Exercise instructions
Apart from the pictures, every entry must be retyped exactly.

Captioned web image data
☆ ☆ ☆ ☆ ☆

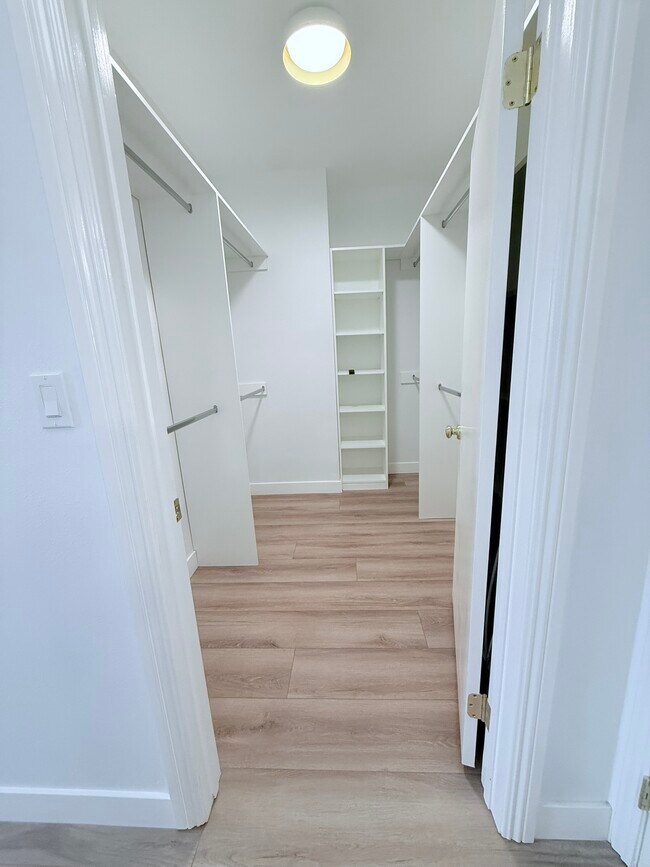 Walk in closet - 14572 Dickens St
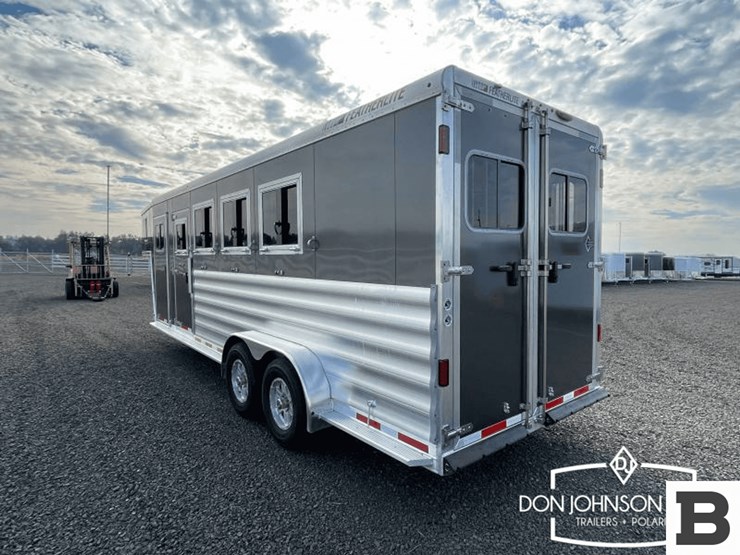 2024-featherlite-9600-7450-4-h-gooseneck-horse-trailer-image-18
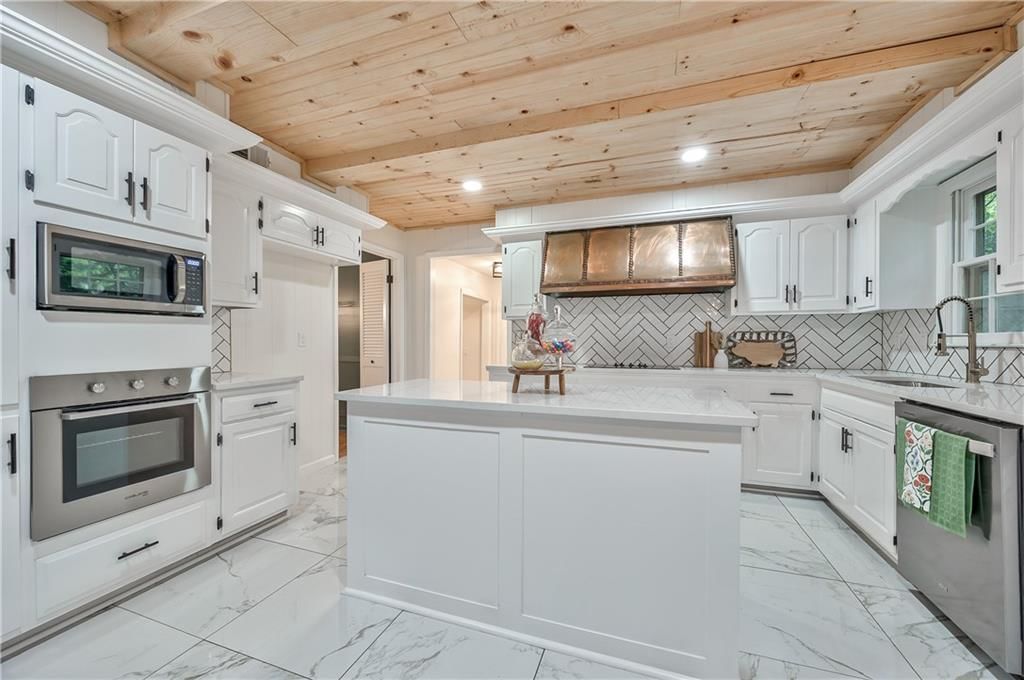 9500 W 104th Street — photo 22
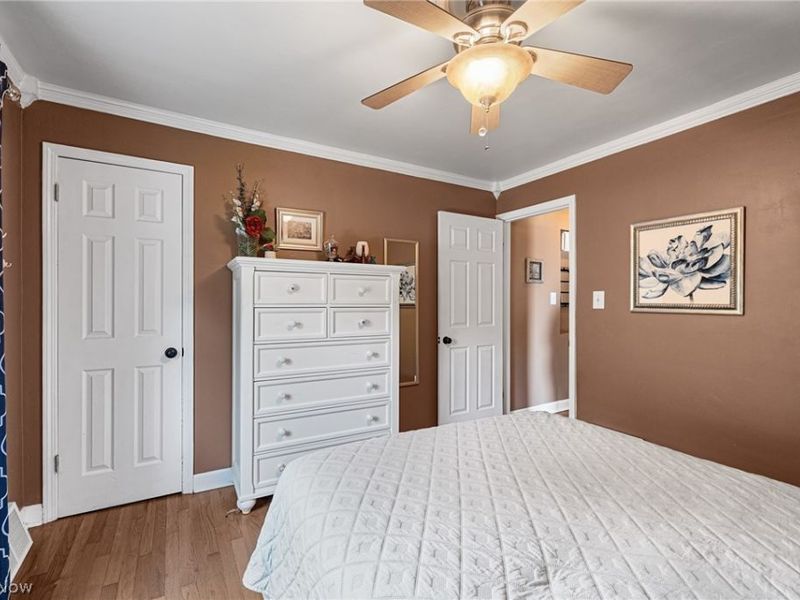 8713 Memphis Villas Boulevard, Brooklyn, OH 44144 Photo 17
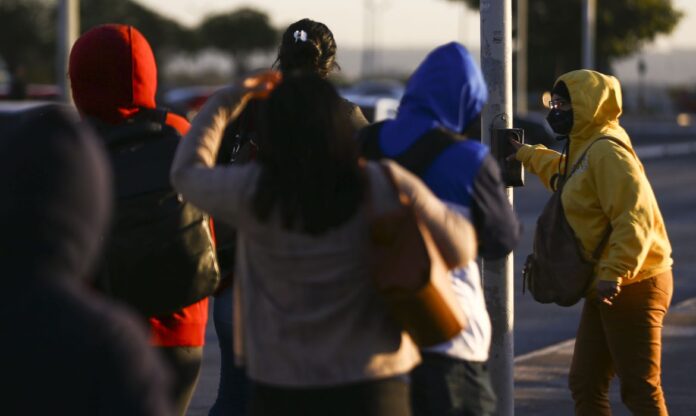 frio-e-baixa-umidade-brasilia_mcamgo_abr_300720211818-8.jpg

☆ ☆ ☆ ☆ ☆

Solution
 Walk in closet - 14572 Dickens St
 2024-featherlite-9600-7450-4-h-gooseneck-horse-trailer-image-18
 9500 W 104th Street — photo 22
 8713 Memphis Villas Boulevard, Brooklyn, OH 44144 Photo 17
 frio-e-baixa-umidade-brasilia_mcamgo_abr_300720211818-8.jpg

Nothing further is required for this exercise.